Artwork from Joe Simko's Cereal Killers trading card series. All images courtesy Joe Simko.

This dichotomy is what artist Joe Simko aims to capture with his Cereal Killers project, a series of sticker cards featuring fictional cereal box designs. With names like "Tales from the Crisp," "Children of the Corn Flakes," and "Fiber the 13th," each sticker shows Simko's penchant not just for sugary carbohydrates and monsters, but good puns.


The link between food and art is nothing new (your mum probably still has a few of your "decorated" macaroni photo frames in the loft) but Simko turns the mundane cereal box into a technicolour horror movie. Each of his pieces is infused with 80s cartoon vibes, harking back to a time before artisan muesli, when cavities were nbd.

We got in touch with Joe to find out more about the interplay between cereal, horror movies, and art.


MUNCHIES: Hi Joe. I'm guessing, by the Cereal Killers series, that you think there's something a little grotesque and horrible in food? Joe Simko: Yes, the human saliva in food while being eaten.

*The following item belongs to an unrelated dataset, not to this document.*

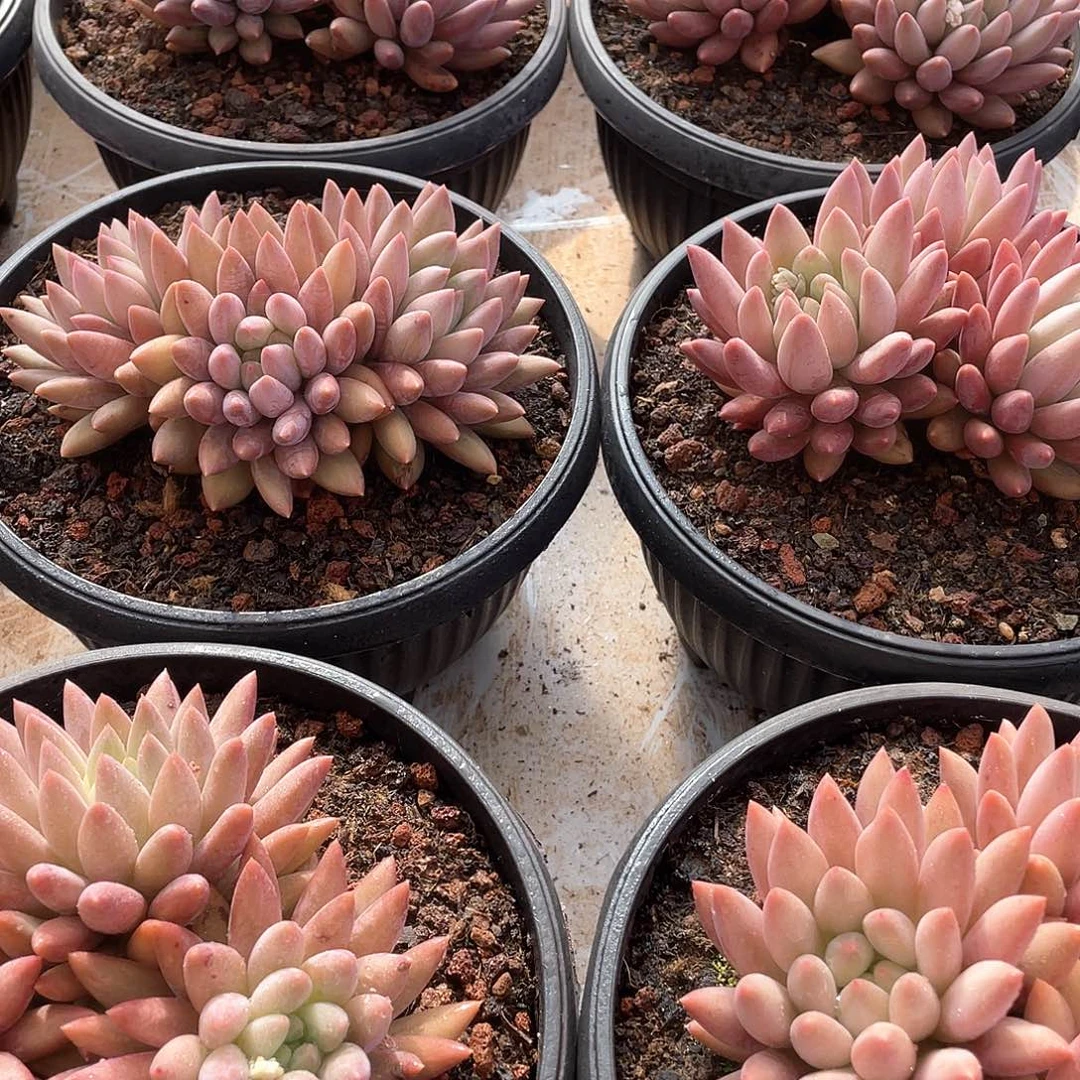 红蜻蜓杂群生精控15厘米可挑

Right. What were your inspirations for the artworks? When I started to design the look and feel of the Cereal Killers, I wanted to invoke a tribute to that 1980s collectible world of gross-out celebration for kids. Just like Garbage Pail Kids, Madballs, Boglins, and many others successfully achieved during that 80s time.

So it was sort of a combination between nostalgia for adolescence, gross-out horror, and puns? Going back to my childhood, I found that my favourite things that gave me the most joy were humour and horror. By around age ten or 11, I was obsessively collecting Mad Magazine and at the same time, needed to see every scary, gore-filled horror movie that came out on video.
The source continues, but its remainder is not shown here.